Memory management is one of the most fundamental areas of software engineering.
In many scripting languages you do not have to worry about memory management, but that does not make memory management any less important.
In languages like C and C++, memory management was left to the responsibility of the software engineer. Modern C++ designs make heavy use of dynamic memory. (e.g. Inversion of control, dependency injection, factories, collections of objects, design for testability, event passing with objects, etc.)
This is a standard practice in desktop applications, where memory is freely available and latency not an issue.

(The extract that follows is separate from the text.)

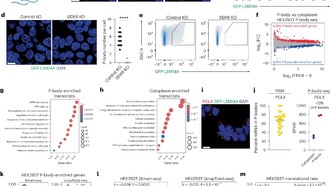 Учёные нашли способ управления судьбой клеток через P-тельца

On embedded and real time systems, the situation is different:
Dynamic allocation of memory may be non-deterministic, depending on the underlying operating system. Fragmentation of the dynamic memory pool can lead to a slower system responsibility over time or even worse to “out of memory” exceptions, even if there is enough memory available.
A conservative approach in designing real-time systems is not to use dynamic memory at all. But there are also other possibilities to implement such systems.
C++ Memory Spaces
First let us have a look at the memory usage in C++:
In C++ memory can be regarded as being divided into three parts. There is static memory, automatic variables and dynamic memory.

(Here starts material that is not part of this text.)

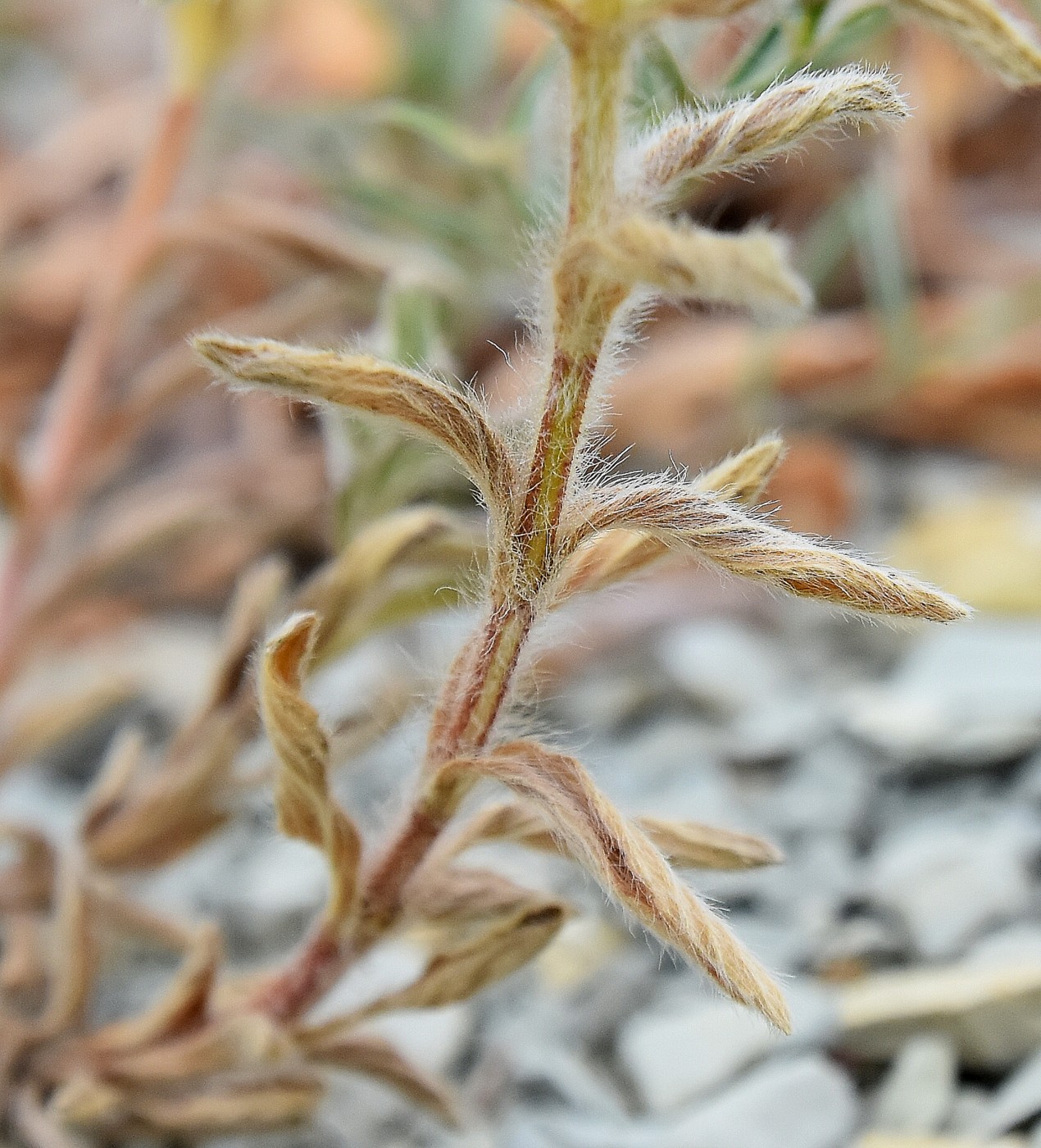 Image of Sideritis montana specimen.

- Static memory allocation refers to the process of allocating memory at compile-time before the associated program is executed. The actual allocation of addresses to variables is performed by the embedded software development toolkit.
- All variables declared within a block of code are automatic by default. This means they are allocated and de-allocated automatically when the program flow enters and leaves the variable’s scope. Automatic variables are stored on the stack.

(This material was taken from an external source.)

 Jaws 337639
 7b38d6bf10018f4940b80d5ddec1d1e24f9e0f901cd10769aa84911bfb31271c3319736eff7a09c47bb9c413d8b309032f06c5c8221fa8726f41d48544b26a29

- Dynamic memory is allocated from the heap. The two key dynamic memory functions are new and delete. The allocation and deletion of memory are non-deterministic operations on most operating systems. Depending on the dynamic memory allocation strategy we may observe a degradation of performance over time due to fragmentation issues.
Static memory should not cause any run-time problems. Automatic variables shouldn’t be a problem either, unless the stack size is too small and a stack overflow occurs.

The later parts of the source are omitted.